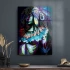 Decovetro Cam Tablo Abstract Woman Shaman 50x70 cm
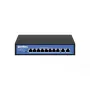 Δικτυακό switch Ernitec ELECTRA-U08-1GB-110W 8 θυρών 1 GB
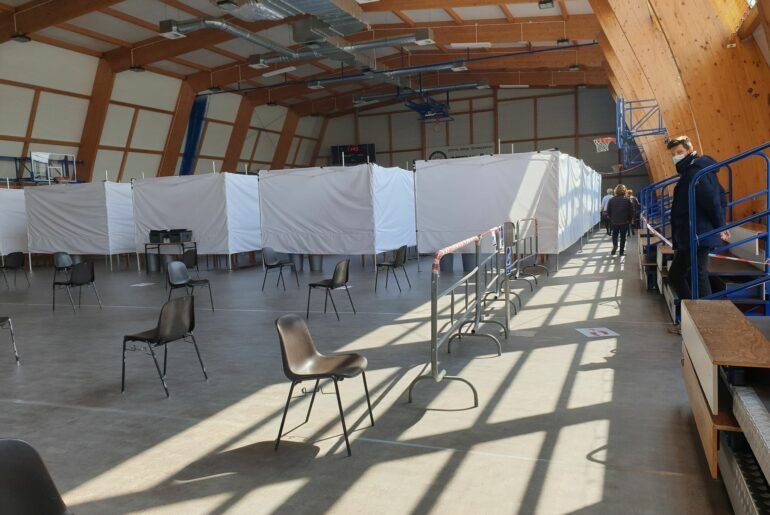 Punkt szczepień wreszcie ruszy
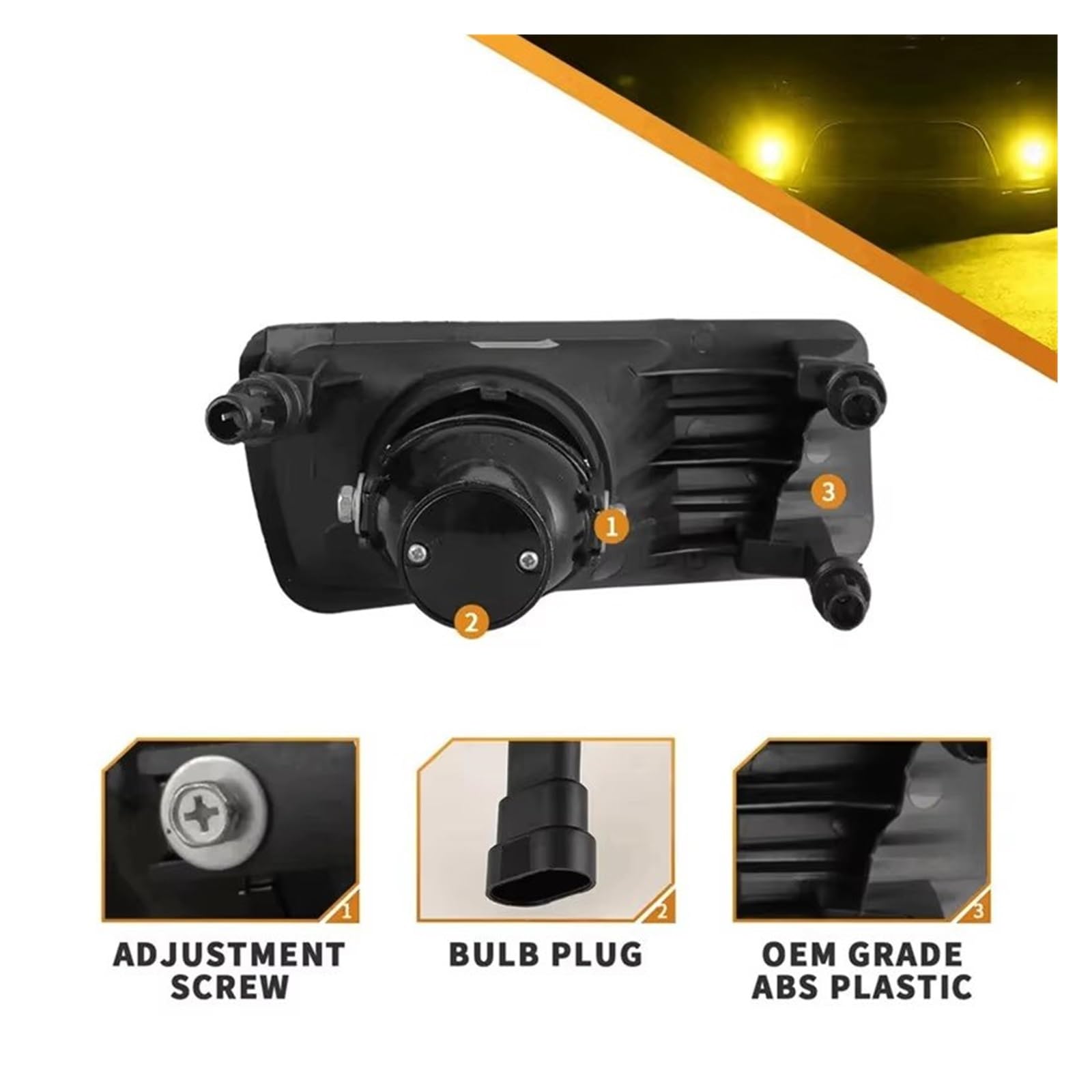 Phare Antibrouillard Avant Avec Ampoule Halogène Pour Ford Pour Explorer 2006-2010 Pour Sport Trac 2007-2010 Phare Antibrouillard
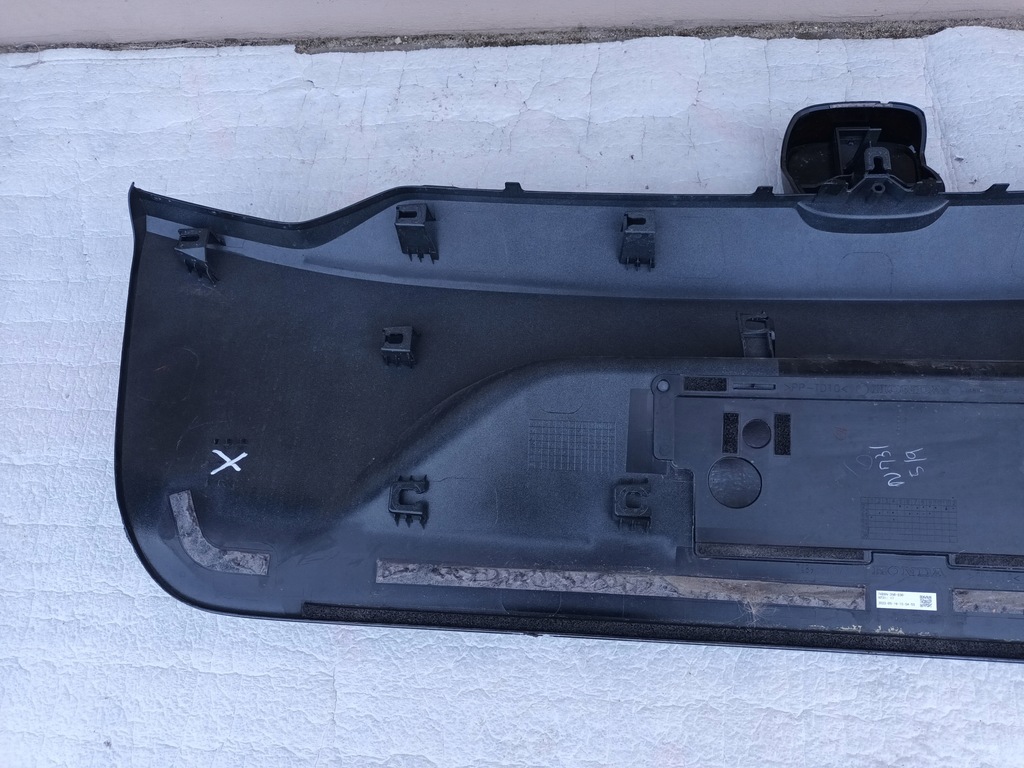 фото №7, Накладка na крышка задняя honda hr-v iii молдинг задняя 2021 -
##############################
== To do ==
Output all entries unchanged; skip the pictures.

== Result of the exercise ==
 Decovetro Cam Tablo Abstract Woman Shaman 50x70 cm
 Δικτυακό switch Ernitec ELECTRA-U08-1GB-110W 8 θυρών 1 GB
 Punkt szczepień wreszcie ruszy
 Phare Antibrouillard Avant Avec Ampoule Halogène Pour Ford Pour Explorer 2006-2010 Pour Sport Trac 2007-2010 Phare Antibrouillard
 фото №7, Накладка na крышка задняя honda hr-v iii молдинг задняя 2021 -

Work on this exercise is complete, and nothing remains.